3. The monitoring method for the operational health management of a switchgear according to claim 1, characterized in that, In step S2, when converting the dynamic fluctuation of the contact resistance data into the equivalent reduction, a roughness correction factor that characterizes the distribution of conductive spots at the contact interface is introduced to linearize the nonlinear fluctuation of the contact resistance data into microscopic deformation displacement.
4. The monitoring method for the operational health management of a switchgear according to claim 1, characterized in that, When extracting coherent components in step S3, a window function is used to truncate the equivalent compression, and the cross-correlation coefficient between the equivalent compression and the standard 100Hz sine signal is calculated. Only signal components with cross-correlation coefficients exceeding a preset correlation threshold are retained as effective response signals for calculating the equivalent stiffness index.
5. The monitoring method for the operational health management of a switchgear according to claim 1, characterized in that, In step S4, when determining the equivalent stiffness index through inversion, the phase deviation between the characteristic component and the coherent component is extracted simultaneously, and the phase deviation is converted into the mechanical damping parameter of the conductive contact unit. By combining the equivalent stiffness index and the mechanical damping parameter into a two-dimensional vector, a health status discrimination matrix is constructed.
6. The monitoring method for the operational health management of a switchgear according to claim 1, characterized in that, During dynamic correction in step S5, the residual deformation displacement is extracted by recording the trajectory evolution of the equivalent reduction during the low-load period, and the reference stiffness value is updated using the following formula: ,in, The updated reference stiffness value, The instantaneous equivalent rolling force at the moment of activation during low-load periods. This refers to the instantaneous equivalent reduction at the moment of startup during low-load periods.
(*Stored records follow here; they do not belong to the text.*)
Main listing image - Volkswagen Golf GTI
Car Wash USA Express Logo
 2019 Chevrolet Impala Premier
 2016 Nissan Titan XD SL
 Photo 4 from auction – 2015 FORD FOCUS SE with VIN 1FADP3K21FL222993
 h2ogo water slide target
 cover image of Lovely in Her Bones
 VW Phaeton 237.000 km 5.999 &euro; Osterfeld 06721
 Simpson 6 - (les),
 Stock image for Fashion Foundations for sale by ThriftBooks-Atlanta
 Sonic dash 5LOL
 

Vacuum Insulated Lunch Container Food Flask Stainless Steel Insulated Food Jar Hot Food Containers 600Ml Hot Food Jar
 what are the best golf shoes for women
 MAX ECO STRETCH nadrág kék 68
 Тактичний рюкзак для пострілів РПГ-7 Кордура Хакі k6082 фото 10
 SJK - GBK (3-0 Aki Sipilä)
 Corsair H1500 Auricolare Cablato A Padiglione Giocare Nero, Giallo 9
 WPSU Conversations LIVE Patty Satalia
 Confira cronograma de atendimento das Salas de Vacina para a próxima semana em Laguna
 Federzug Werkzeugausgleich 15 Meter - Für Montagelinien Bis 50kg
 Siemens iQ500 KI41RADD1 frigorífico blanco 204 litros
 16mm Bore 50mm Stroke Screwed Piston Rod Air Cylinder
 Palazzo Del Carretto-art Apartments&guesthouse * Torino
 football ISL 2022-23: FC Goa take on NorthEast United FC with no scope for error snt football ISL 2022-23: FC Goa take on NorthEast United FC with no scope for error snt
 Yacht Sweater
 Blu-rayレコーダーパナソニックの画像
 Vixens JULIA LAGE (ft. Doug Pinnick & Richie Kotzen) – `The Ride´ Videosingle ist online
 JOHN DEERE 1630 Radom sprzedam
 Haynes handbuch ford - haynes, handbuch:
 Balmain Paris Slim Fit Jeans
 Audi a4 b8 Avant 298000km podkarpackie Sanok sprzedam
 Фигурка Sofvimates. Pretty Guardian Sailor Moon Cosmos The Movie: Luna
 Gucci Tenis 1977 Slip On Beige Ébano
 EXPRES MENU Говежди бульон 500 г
This represents the residual deformation displacement.
7. The monitoring method for the operational health management of a switchgear according to claim 5, characterized in that, When outputting the evaluation results in step S6, if the equivalent stiffness index decreases monotonically and the mechanical damping parameter remains stable, it is determined that the supporting component of the conductive contact unit has undergone stress relaxation; if the equivalent stiffness index remains stable and the mechanical damping parameter increases monotonically, it is determined that the oxide layer has thickened at the contact interface.
8. The monitoring method for the operational health management of a switchgear according to claim 1, characterized in that, After outputting the evaluation results, the following actions are performed: when the equivalent stiffness index falls below 70% of the initial nominal stiffness, a warning signal containing the risk of mechanical support failure is generated.
9. The monitoring method for the operational health management of a switchgear according to claim 1, characterized in that, Before performing step S6, the equivalent stiffness index is thermally corrected using ambient temperature, with the correction range covering -20°C. Up to 60 The elastic modulus of the peeling material fluctuates with seasonal temperature differences.